Hello,
I am encountering a performance issue with BaseX interpreter, illustrated by the snippet code above. This code first creates a sequence of 100000 integers, taking more than a minute with my environment. Then it creates a BaseX map of 100000 integers, taking 0.1 sec. This issue seems to be due to a poor performance of the operator () (see function local:id below).
This could be an issue for the BaseX interpreter, or a problem with my environment, but might be also a XQUERY 3.0 "leak". Have you any idea ?
cheers
Jean-Marc
declare function local:id($el) as function() as item()* {function(){ $el }}; declare function local:new() {local:id(())}; declare function local:new($map,$item) {local:id(($map(),$item))};
let $nb := 100000 return let $testid := fn:fold-left(for $i in 1 to $nb return $i,local:new(), function($map,$entry){local:new( $map,$entry )}) let $basexmap := fn:fold-left(for $i in 1 to $nb return map:entry($i,$i),map:entry(0,0), function($entry,$map){map:new( ($map,$entry) )}) return (fn:count(prof:time( $testid )),fn:count(prof:time( $basexmap )))
Dear Jean-Marc,
Am 30.11.2013 15:29, schrieb jean-marc Mercier:
I am encountering a performance issue with BaseX interpreter, illustrated by the snippet code above. This code first creates a sequence of 100000 integers, taking more than a minute with my environment. Then it creates a BaseX map of 100000 integers, taking 0.1 sec. This issue seems to be due to a poor performance of the operator () (see function local:id below).

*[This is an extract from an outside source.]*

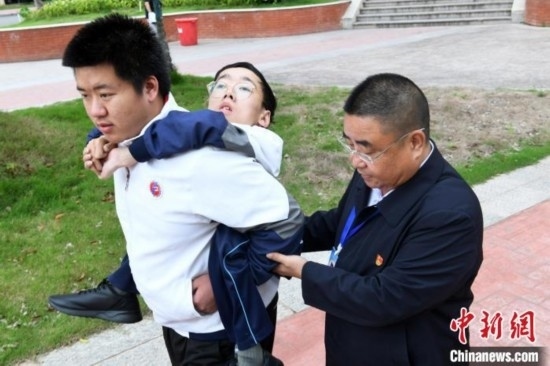 朱金祥背著鐘華強去教室上課的路上，也經(jīng)常碰到值班的校領(lǐng)導(dǎo)和老師前來搭把手。 卓忠偉 攝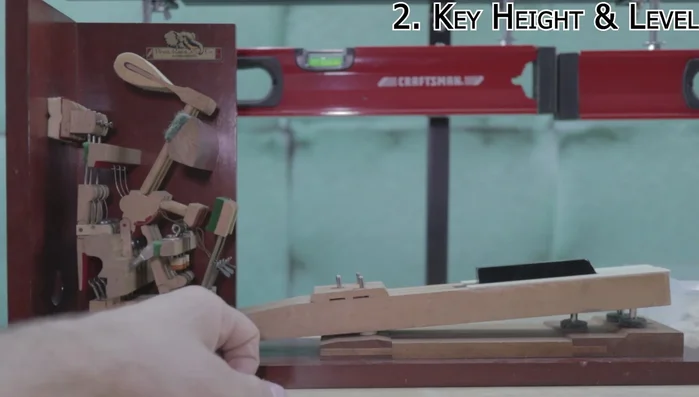 Key Height and Level: Adjust key height to approximately 64-65mm from the key bed to the underside of the key cap using paper punchings and felt. Ensure levelness across the keyboard using a straight piece of metal.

one part of the problem is indeed sequence concatenation, which at the moment has costs linear in the length of the result if the sequence really has to be materialized in memory, e.g. as a function result. We are thinking about switching to another representation of sequences (e.g. finger trees or chunked sequences as used in Clojure [1]), but don't hold your breath as that will probably take some time.
The other (and bigger) cause of the slowdown was that there were type checks for `item()*` introduced and not eliminated by the optimizer. As everything in XQuery is a sequence of items, these are no-ops by definition, but traversing and checking 100000 items takes time.
I fixed the latter problem and Christian already uploaded a new snapshot [2]. With that, the execution time for your query drops from 57.9 to 12.4 seconds on my notebook.
Hope that helps, Leo
[1] http://code.google.com/p/clojure/source/browse/trunk/src/jvm/clojure/lang/Pe... [2] http://files.basex.org/releases/latest/
Leo,
Thx for your answer and the release. I'll check the release, but even 13 s to produce a sequence of 100000 integer is a shot-down for my purposes.
I think that there are two quick work-around however, waiting for super clojure sequences.
- The first one is on my side, but I don't like it : I must bound my code to handle sequence of functors, and can't work with functor of functor. This might be a serious limitation to what I wanted to do with XQUERY.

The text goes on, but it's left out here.